Zgodnie z ujawnionymi informacjami, firma potrzebuje obecnie ok. 3 milionów koron duńskich. Wiadomo, że przedstawiciele przewoźnika starają się o milion koron duńskich pożyczki z banku. Zadłużenie firmy sięga obecnie 2,6 miliona koron duńskich, a jej kasa świeci pustkami, dlatego bez dodatkowych funduszy reaktywacja serwisu Aarhus-Samsø Expressen nie będzie możliwa.
Obecne problemy przedsiębiorstwa spowodowane są w dużej mierze kłopotami technicznymi, które pojawiły się podczas inauguracyjnego sezonu. Sprawiły one, że obsługujący trasę katamaran Issehoved przez 18 dni wyłączony był z eksploatacji. Firma w tym czasie nie uzyskiwała dochodów, a zamiast tego ponosiła dodatkowe koszty.
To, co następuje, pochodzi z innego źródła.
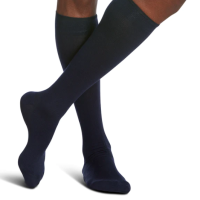 Men's All-Season Merino Wool Calf Compression Stockings Navy thumbnail Men's All-Season Merino Wool Calf Compression Stockings Navy thumbnail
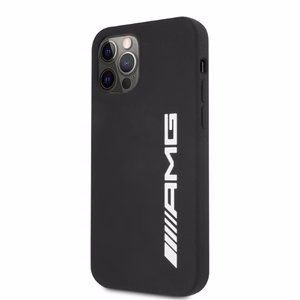 AMG Silicone Big Logo ümbris jaoks iPhone 12 Pro Max - must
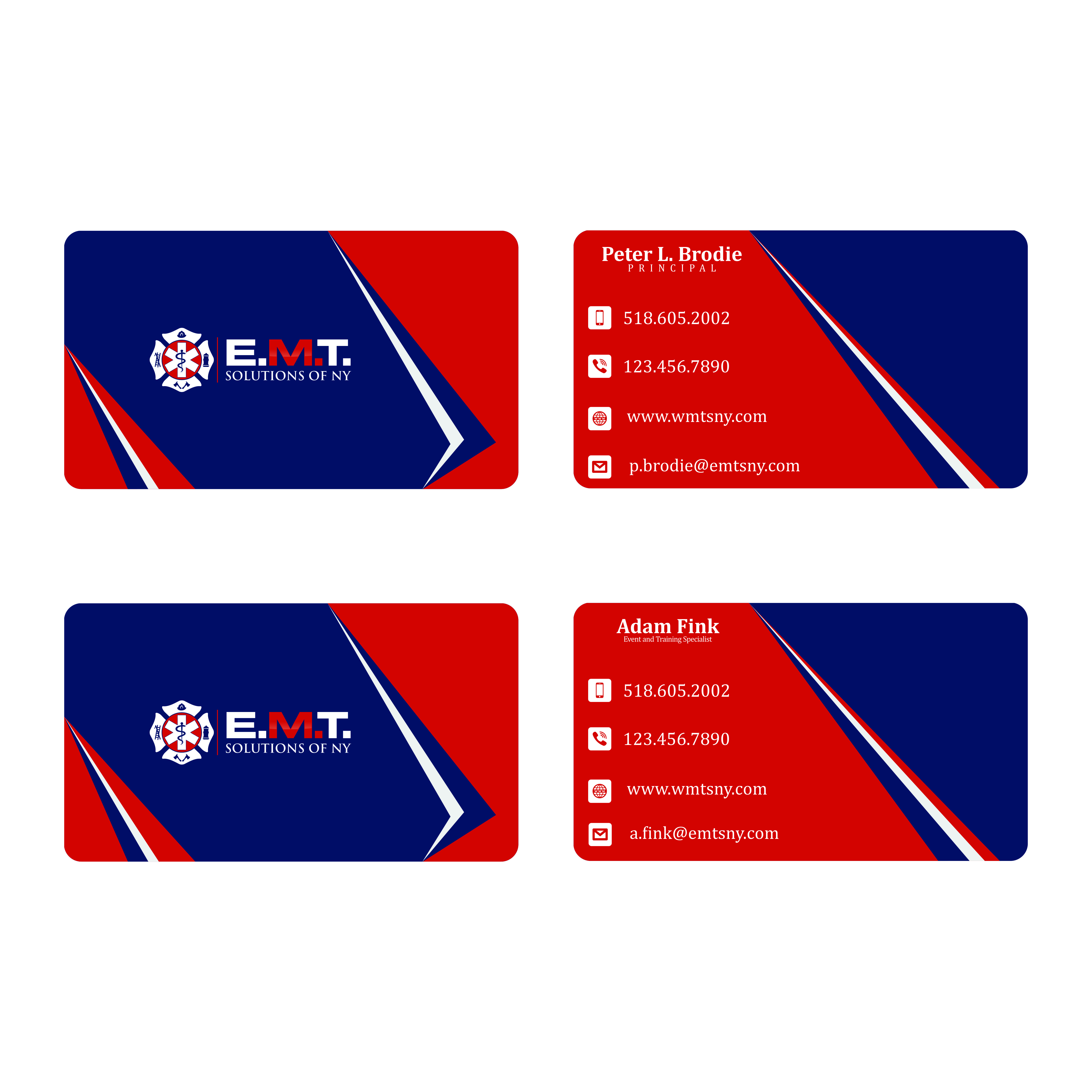 Business Card Design by Septian Yossi for EMTS NY, LLC | Design #23647730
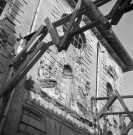 Valence.- Consolidation de la façade de la chapelle de l'ancien couvent Notre Dame de Soyons.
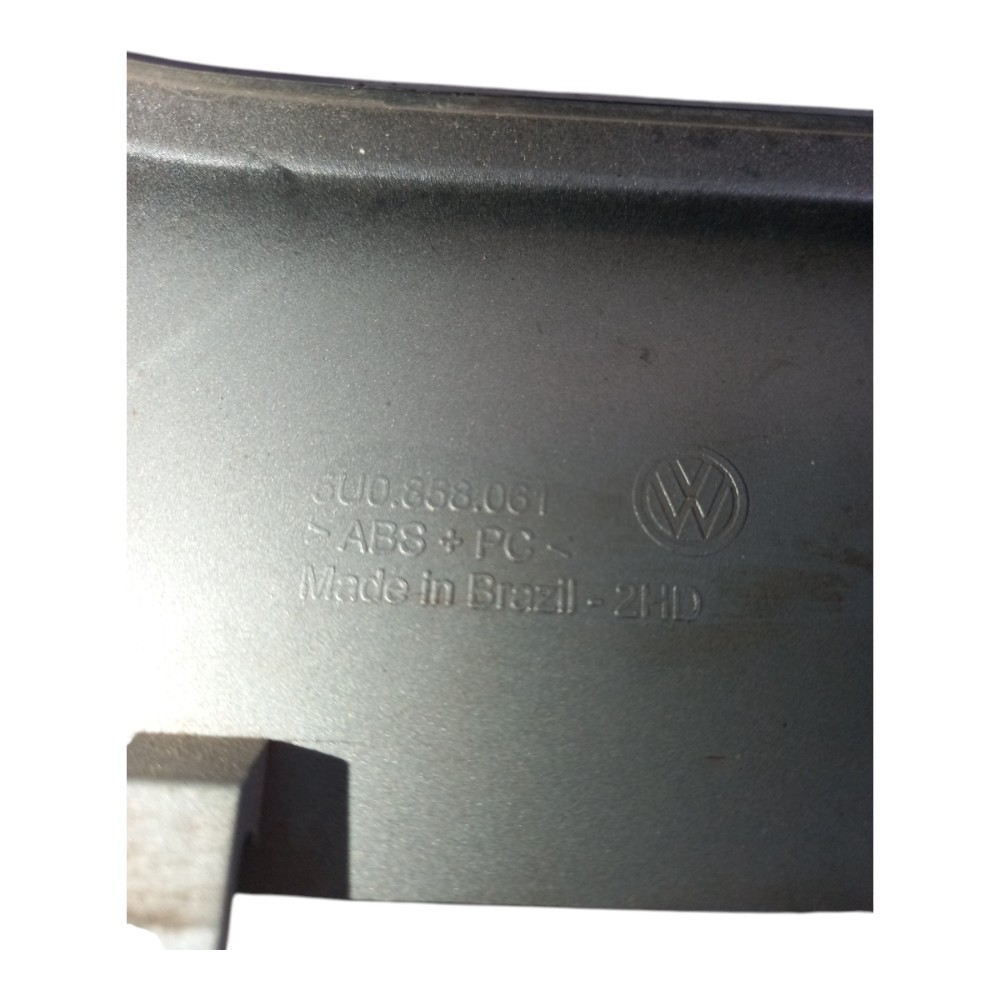 Moldura acabamento central painel rádio VW gol 2013 a 2014 7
W czasie minionego sezonu na wspomnianej trasie obsłużonych zostało 19 tysięcy pasażerów. Choć początkowo planowano, że będzie to serwis całoroczny, pod koniec października, w związku z mniejszą od spodziewanej liczbą pasażerów oraz koniecznością rozwiązania najbardziej naglących problemów technicznych, firma podjęła decyzję o zawieszeniu trasy na okres zimowy.
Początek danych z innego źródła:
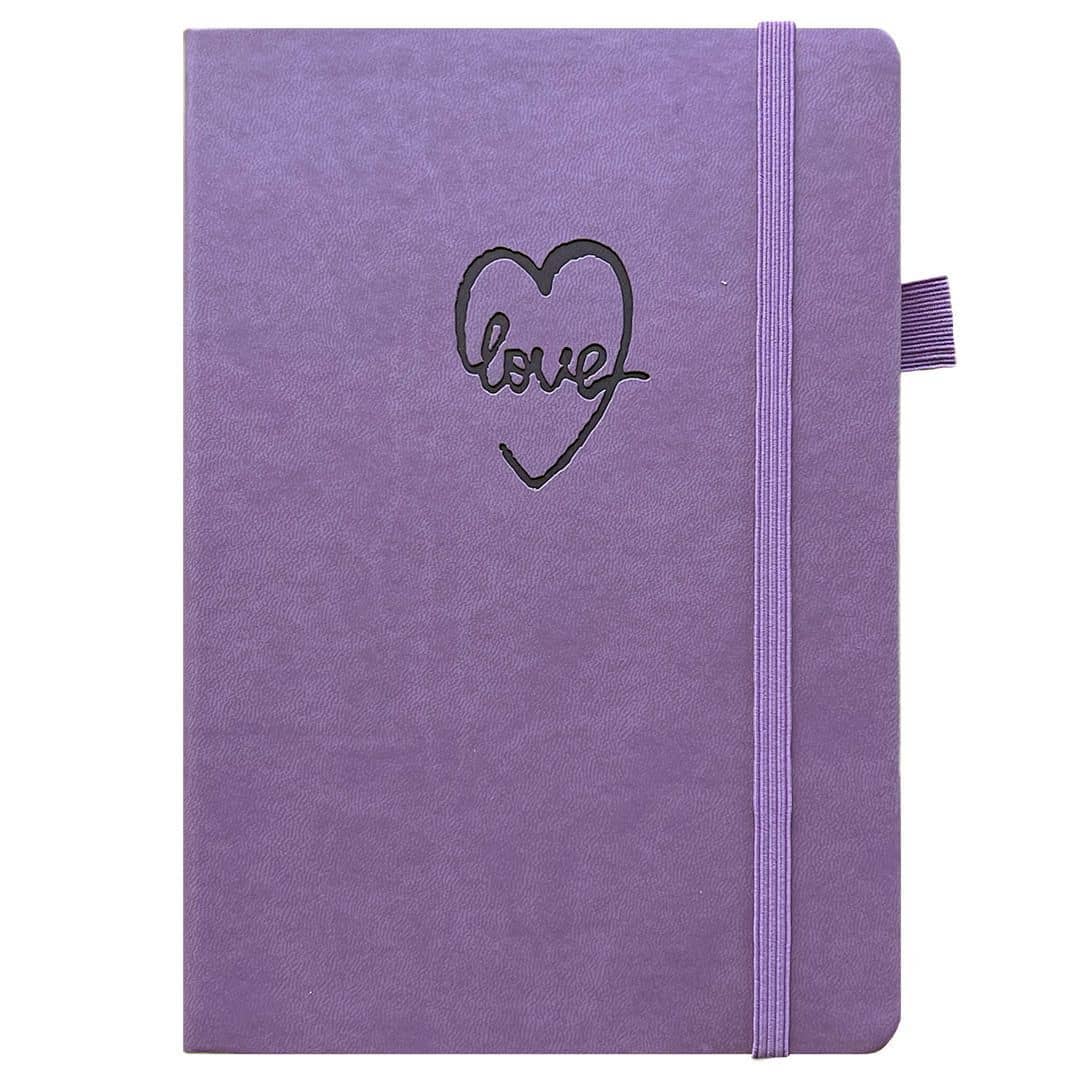 Dotted Notebook A5 160 GSM Love - 4 - Paper24 - Tidformera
W czasie niedawnej konferencji ogłoszono, że połączenie stanie się rentowne w momencie, gdy uda się sprzedać 38 tysięcy biletów, czyli dwukrotnie więcej niż podczas ostatniego sezonu.
Nad projektem uruchomienia serwisu przez cztery lata pracowała specjalna grupa robocza, ale połączenie udało się uruchomić dopiero w 2016 r. Prom Issehoved, który pływa na trasie z Aarhus do Sælvig na wyspie Samsø, został kupiony od Norwegów. Jednostka ta może przyjąć na pokład 100 pasażerów. Wyposażona jest też w pomieszczenie do przewozu rowerów. Tych ostatnich udało się przewieźć w sezonie letnim dwukrotnie więcej niż prognozowano przed startem połączenia.